## Task instructions
Pictures stay out of the copy. Retype exactly the lines below from the one with "BMW S1000 RR" through the one with "Λεβαντόφσκι η Μίλαν".

*** Material provided Section Begins ***

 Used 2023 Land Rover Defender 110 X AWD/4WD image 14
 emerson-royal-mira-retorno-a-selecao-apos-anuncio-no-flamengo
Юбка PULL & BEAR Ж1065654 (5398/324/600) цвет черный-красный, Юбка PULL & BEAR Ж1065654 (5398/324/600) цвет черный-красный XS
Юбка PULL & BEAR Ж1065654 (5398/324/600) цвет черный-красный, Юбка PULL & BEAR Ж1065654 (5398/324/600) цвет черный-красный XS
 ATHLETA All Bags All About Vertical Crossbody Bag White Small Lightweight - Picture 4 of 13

*** Material provided Section Ends ***
*** Material provided Section Begins ***

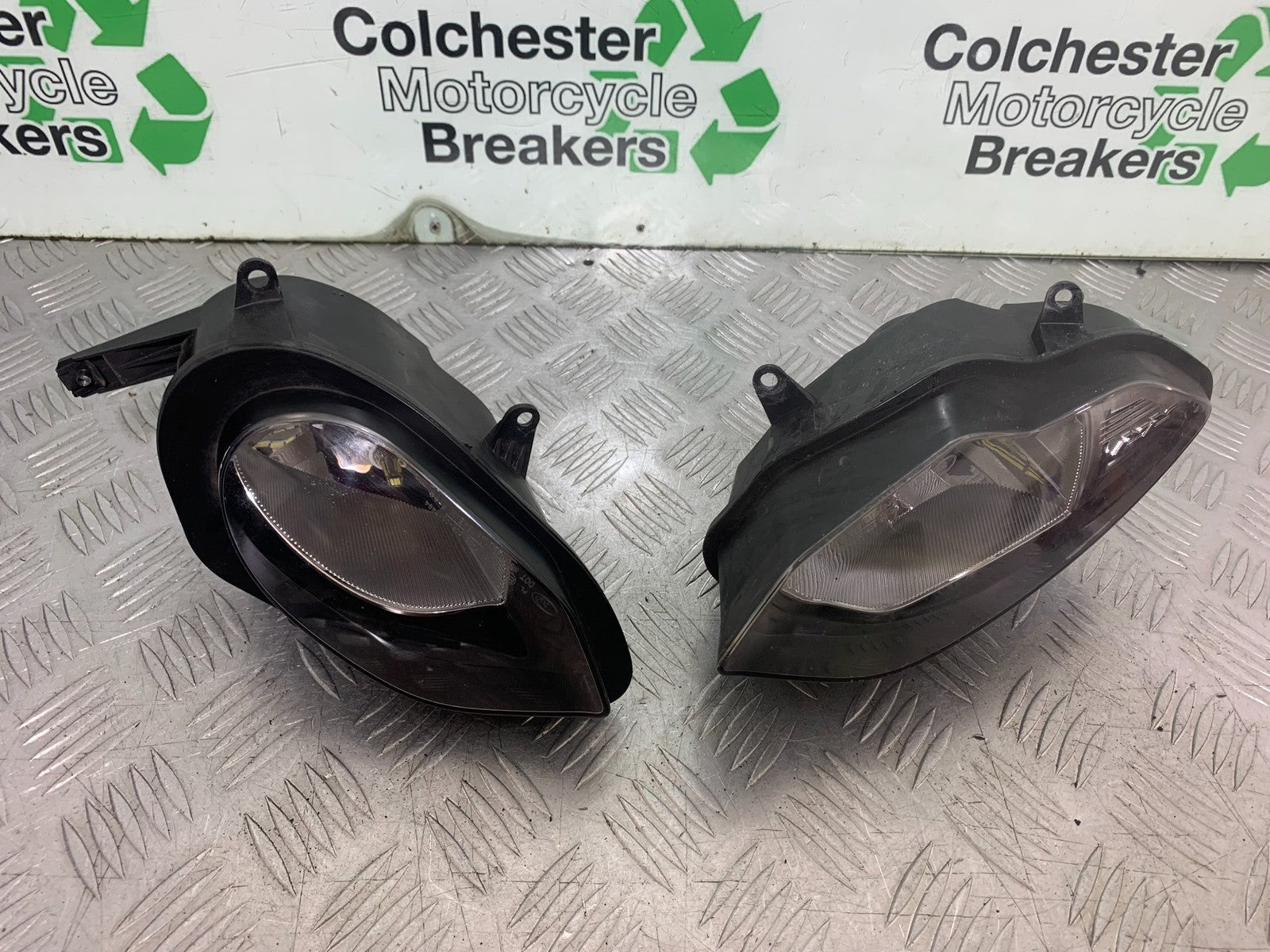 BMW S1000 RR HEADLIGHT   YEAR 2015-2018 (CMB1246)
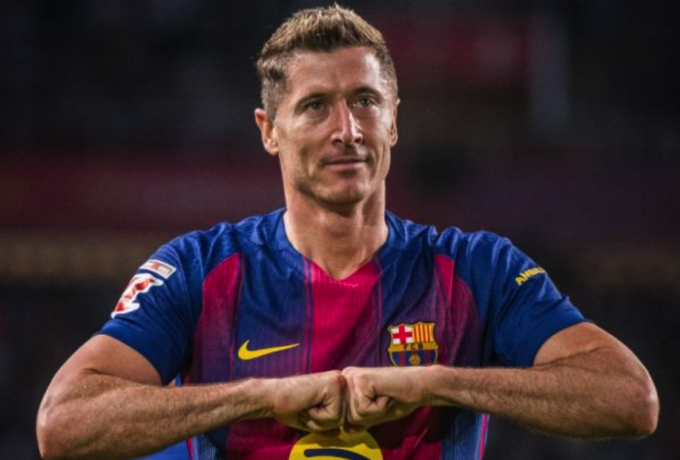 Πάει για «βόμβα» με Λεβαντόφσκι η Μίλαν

*** Material provided Section Ends ***

## Task response
 BMW S1000 RR HEADLIGHT   YEAR 2015-2018 (CMB1246)
 Πάει για «βόμβα» με Λεβαντόφσκι η Μίλαν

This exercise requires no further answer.